Basically stubborn home owners want this and you do it to appease them.


----------



## slakker (May 29, 2007)

Also, for low voltage halogens like MR16 lamps, there are special dimmers as well... depending on electonic or magnetic transformers...


----------



## Sammy (Mar 11, 2007)

Good point Slakker!


----------



## SwiftyMcV (Nov 3, 2007)

and if you get really picky Ive seen a 4-way dimmer...


----------



## J. V. (Jun 1, 2007)

Dimmers are used on ceiling fans all the time. I do not use them for fans but. If the dimmers current rating exceeds the fan current rating, you most only will have to deal with noise.
It is preferable to use a control intended for fan use.


----------



## YetAnotherDIYer (Apr 8, 2007)

Saw this thread at the right time...

So, I can successfully replace one of the 3-way switches which control 7 (seven) flood lamps in my Kitchen with a *3-way* dimmer? 

Regular bulbs, not fluorescent. 65W each - that is why I would like a dimmer.


----------



## Stubbie (Jan 7, 2007)

7 x 65 = 455 watts.... so get a good quality 600w or 1000 watt 3-way dimmer. Get a no noise type it will refer to this on the dimmer literature. Take a look online at lutron and leviton and pass and seymour (my favorite).


----------



## YetAnotherDIYer (Apr 8, 2007)

Thank you :thumbsup: 

I got a 600W Lutron from the local home improvement store.


----------



## Piedmont (Nov 1, 2007)

They do make a 3 way dimmer which can dim at either location, I got one at my local Home Depot. It has a computer in it, and personally I don't like it just too fancy and feature rich.

You press the button and it will turn on to the last dim setting you had it at. Double-click the on button to put it at max brightness. Press the same button to shut it off and it will slowly dim to off within 3 seconds. Instead pressing and holding the same button for 2 seconds it will continue to dim then off in 10 seconds. To adjust the dim you press that same button to turn it on, and again while it's getting brighter or vice versa you can press that button to turn it off and while it dims to go out pressing it again will stop it at the lower dim setting. Or press the tiny up or down button, either of which adjusts it at both location simultaneously. 

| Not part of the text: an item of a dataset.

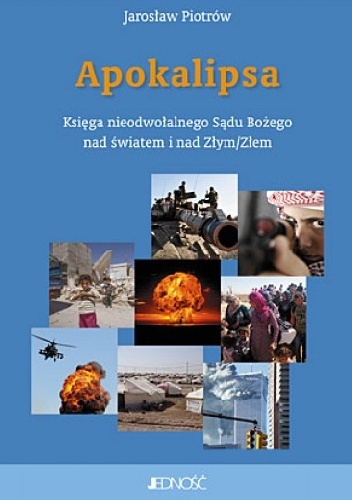 Apokalipsa. Księga nieodwołalnego Sądu Bożego na światem i nad Złym/Złem - Jarosław Piotrów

Anyway it's a pain in the butt! You press the same button for so many things half the time I'm pressing the button five or six times to get the lights at full brightness, then give up and just hold down the tiny up arrow. It's so easy to default it to lowest brightness, guests trying to use it can never figure out how to get it brighter. 

My favorite is the Lutron, the one with a toggle and a bar on the side you slide up/down. Not sure if they make that kind for a 3-way.


----------



## YetAnotherDIYer (Apr 8, 2007)

Piedmont said:


> My favorite is the Lutron, the one with a toggle and a bar on the side you slide up/down. Not sure if they make that kind for a 3-way.


Yes, pretty economical too.


----------



## scorrpio (Aug 14, 2006)

If you replace one of the 3-way switches with a dimmer, it should work. But you can't just drop in 2 dimmers. Some dimmer models have 'remotes' designed to work with a dimmer.

I like Leviton Acenti, a little pricy, but beautiful. And they make remotes for their dimmers that use neutral as reference and essentially control the main dimmer, matching even brightness LED position. Fluorescent and low voltage dimmers are also available, but costly. ($30-32 for regular dimmer, $55-60 for low voltage, $75-80 for flurescent)


----------